Signalons qu’il existe d’autres types de propositions d’ordre activiste, qui prônent la suppression de ces institutions et la création de nouvelles institutions, qui permettent de transposer au niveau international des mécanismes de représentation connus au niveau interne : Assemblées des peuples, référendums internationaux, parlements régionaux, etc. Ces propositions nous semblent peu fiables, car, d’abord, nous estimons qu’aucune institution n’est pas parfaite et qu’il est plus facile d’améliorer les structures et modes de fonctionnement de ces institutions que de les substituer par d’autres, d’autant plus que l’efficacité de toute institution internationale est largement fonction de visions qu’ont les Etats vis-à-vis du multulatéralisme.
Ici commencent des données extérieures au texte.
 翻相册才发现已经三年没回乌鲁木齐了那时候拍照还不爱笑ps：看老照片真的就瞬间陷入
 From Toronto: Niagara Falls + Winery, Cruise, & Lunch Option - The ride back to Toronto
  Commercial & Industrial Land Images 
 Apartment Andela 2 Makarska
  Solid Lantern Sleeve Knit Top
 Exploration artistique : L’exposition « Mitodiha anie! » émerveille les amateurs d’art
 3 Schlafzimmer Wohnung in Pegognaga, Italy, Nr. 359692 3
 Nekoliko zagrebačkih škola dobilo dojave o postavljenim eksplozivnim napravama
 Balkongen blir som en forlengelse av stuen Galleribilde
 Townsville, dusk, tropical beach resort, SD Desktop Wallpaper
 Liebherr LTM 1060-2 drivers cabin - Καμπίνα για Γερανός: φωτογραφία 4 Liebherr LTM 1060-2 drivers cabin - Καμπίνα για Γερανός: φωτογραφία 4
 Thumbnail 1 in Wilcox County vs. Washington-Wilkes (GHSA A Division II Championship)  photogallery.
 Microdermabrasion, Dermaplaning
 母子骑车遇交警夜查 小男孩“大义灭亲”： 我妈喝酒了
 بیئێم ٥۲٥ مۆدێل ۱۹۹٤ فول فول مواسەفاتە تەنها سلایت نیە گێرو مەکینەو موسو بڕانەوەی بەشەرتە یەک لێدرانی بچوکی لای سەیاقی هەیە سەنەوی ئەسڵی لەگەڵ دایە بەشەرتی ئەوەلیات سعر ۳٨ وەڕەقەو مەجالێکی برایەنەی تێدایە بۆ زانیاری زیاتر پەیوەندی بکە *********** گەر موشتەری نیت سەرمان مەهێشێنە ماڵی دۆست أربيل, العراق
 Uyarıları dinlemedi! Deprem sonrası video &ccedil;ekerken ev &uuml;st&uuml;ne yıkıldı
De même, des institutions internationales représentatives des citoyens risquent d’aboutir à des nouvelles structures mondiales, qui ne tiendraient pas réellement compte des réalités locales. La participation des populations civiles à la vie politique internationale est un exercice très délicat, même dans les pays développés. Il suffit de penser, par exemple, aux taux d’abstention grandissants dans les élections en Europe occidentale. L’amélioration pourrait provenir de la participation directe de la société civile aux sommets mondiaux sur les questions globales. Ainsi, les grandes conférences des Nations Unies (environnement, population, droits des femmes, habitat, femmes, etc.) laissent de plus en plus de place à la participation des acteurs de la société civile, créant un véritable espace public à l’échelle planétaire. De façon générale, les ONG ont réussi à investir la plupart des organisations interétatiques et à s’y faire entendre. Voir infra, p. 401.

329.

Etant représentatives de la diversité des intérêts nationaux, les institutions internationales devraient en effet acquérir une légitimité politique, leur permettant d’offrir un espace où les Etats-nations peuvent se rencontrer, partager leurs expériences et négocier des accords internationaux et des mesures de suivi opérationnel requises.

330.

Ce qui exige des nouvelles règles en termes de représentation et de répartition des pouvoirs au sein des institutions de Bretton Woods, à travers la réforme des quotes-parts du FMI, en prenant en compte la nature particulière de ces institutions. La représentation des PED&E, où vivent plus de 80% de la population mondiale, doit donc être renforcée dans les institutions internationales.

331.

En matière de transparence, les IFI ont beaucoup progressé. Les règles de transparence de la BM sont déjà rigoureuses. Le FMI dispose d’une unité d’évaluation indépendante, qui rapportera au CA et au CFMI sur les activités du Fonds. Mais, des efforts peuvent encore être faits, par exemple, on devrait impliquer davantage les législateurs dans les délibérations et les projets des IFI.

332.

Car l’accès des citoyens à la discussion des principes qui vont fonder l’action collective internationale demeure marginale, faisant état de la gestion technocratique des affaires mondiales. Or, la gouvernance mondiale implique également le droit des populations à s’émanciper de leurs gouvernements pour faire valoir elles-mêmes leur point de vue, leurs revendications quant aux affaires du monde.

333.

Car, la plupart des IFI ont été créées dans la foulée du grand chaos de la seconde Guerre Mondiale. Leur transformation dans un contexte hors-crise mondiale demandera un effort politique considérable, à la fois pour modifier les pratiques onusiennes et pour faire évoluer le contexte planétaire lui-même. Elle pourrait donc se heurter aux oppositions des grands Etats à toute avancée institutionnelle susceptible de trop remettre en cause leur autonomie de décision. Cf. Durand (2004).